Verschillen tussen Nederlands en Pools
Er zijn enkele verschillen die het leren van Pools uniek maken in vergelijking met het Nederlands. Pools gebruikt veelvuldig verbuigingen en tijdsvormen die niet direct in het Nederlands voorkomen. Bijvoorbeeld, het Poolse werkwoord kupować (kopen) heeft verschillende aspecten en tijden die anders zijn dan in het Nederlands.
Een nuttige uitdrukking is „Chcę kupić bilety” (Ik wil kaartjes kopen). In het Nederlands gebruiken we eenvoudig het hele werkwoord, maar in het Pools zie je het verschil tussen de onvoltooide vorm kupować en de voltooide vorm kupić, wat aangeeft of de actie voltooid is.
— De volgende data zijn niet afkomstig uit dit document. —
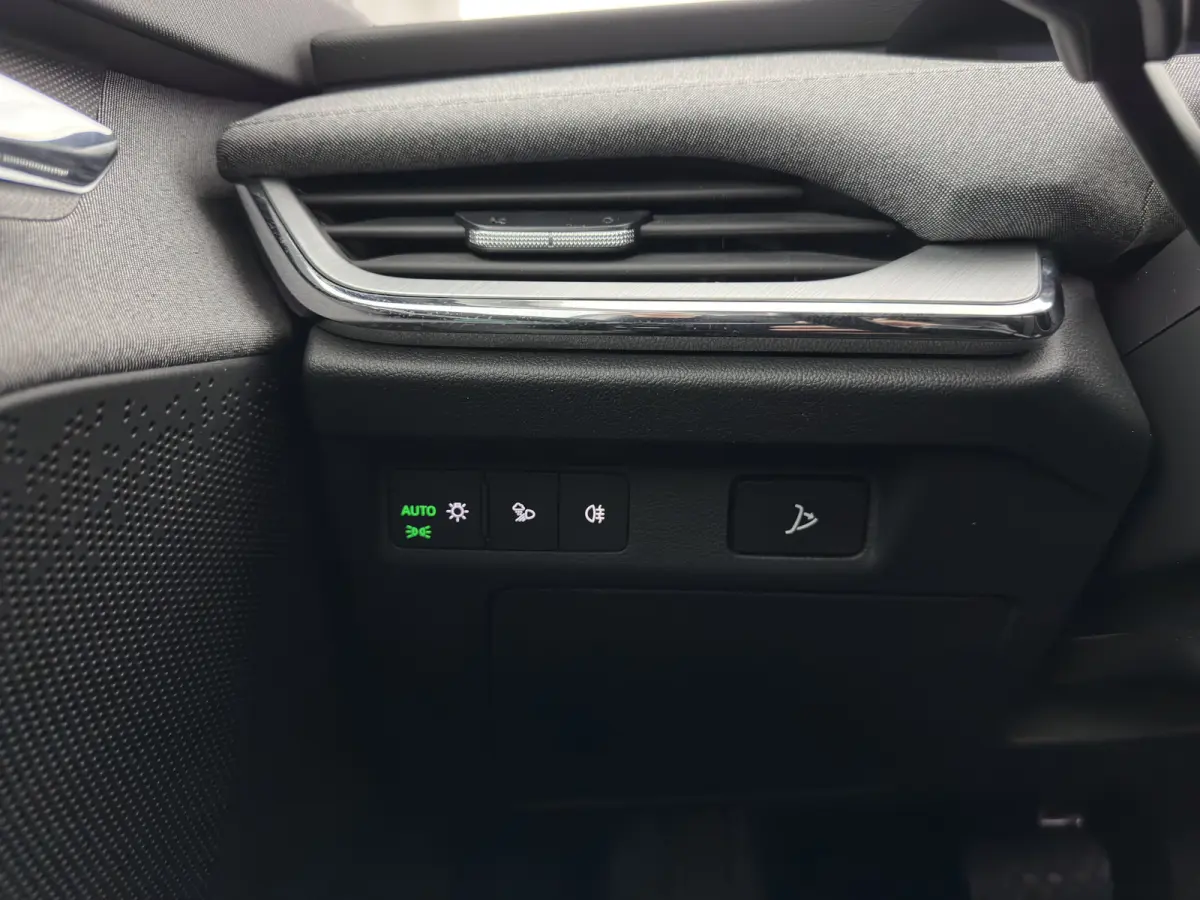 80 (3-Fase-11kW) {SoH-91%} (INCL-BTW) Aut. *LEATHER-FABRIC | FULL-LED | DIGI-COCKPIT | CAMERA | KEYLESS | NAVI-FULLMAP | AMBIENTLIGHT | ECC | HEATED-COMFORTSEATS | DAB+ | PDC | CRUISE | CARP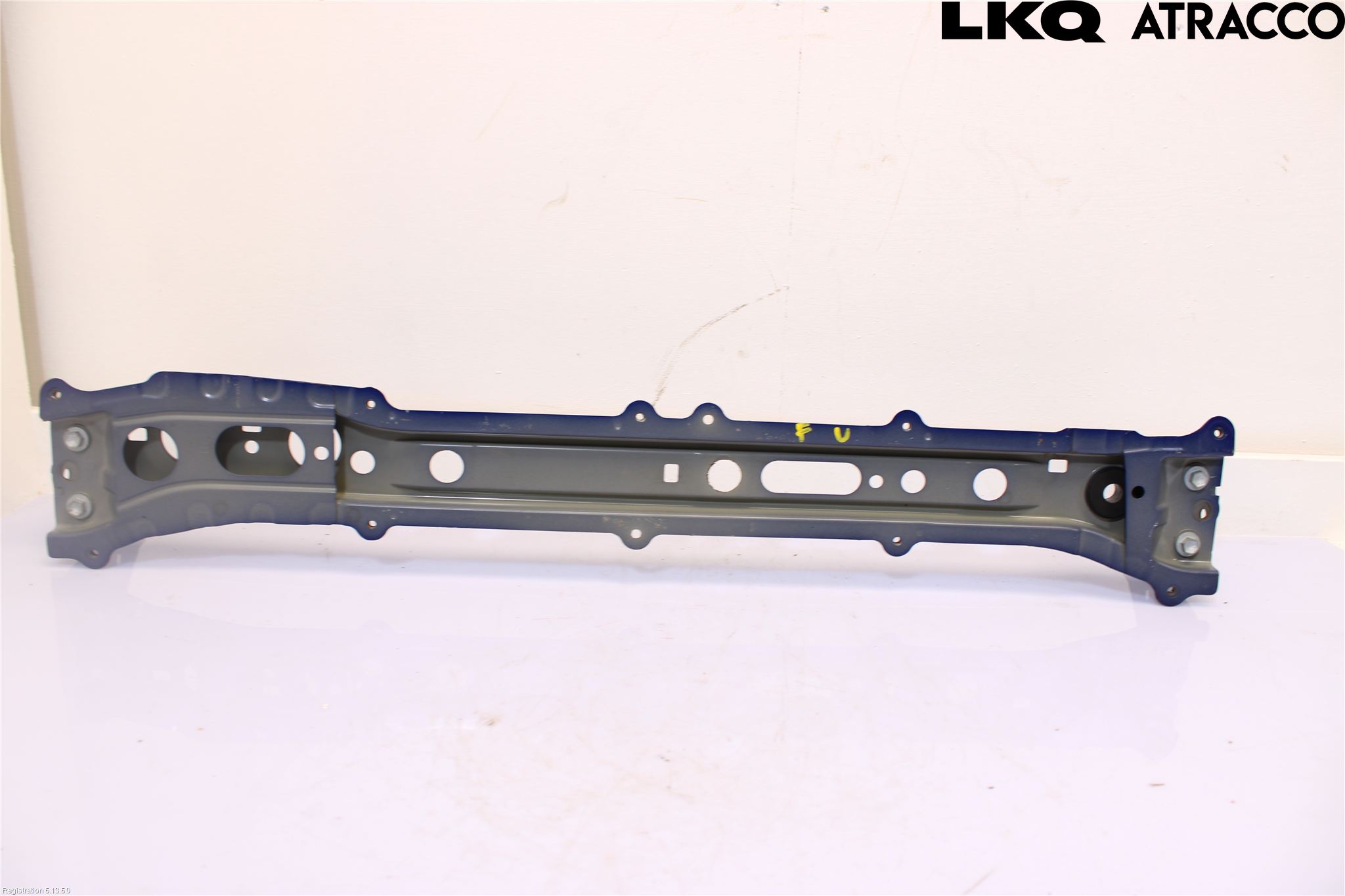 Toyota YARIS XP21 20- Kylarfäste-Ram-Balk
Daarnaast zijn er specifieke woordenschatwoorden met weinig directe Nederlandse equivalenten, zoals festiwal (festival) en bilety (kaartjes), die nuttig zijn om te kennen voor gesprekken over evenementen.
Praktische tips
- Let op het verschil tussen zit- en staanplaatsen: siedzace (zittend) en stojące (staand).
- Gebruik zeker de juiste vervoeging bij werkwoorden om de tijd en aspect goed over te brengen.
- Bij het kopen van kaartjes wordt vaak gesproken over betaalmethoden zoals kartą (met kaart) of przelewem (overschrijving).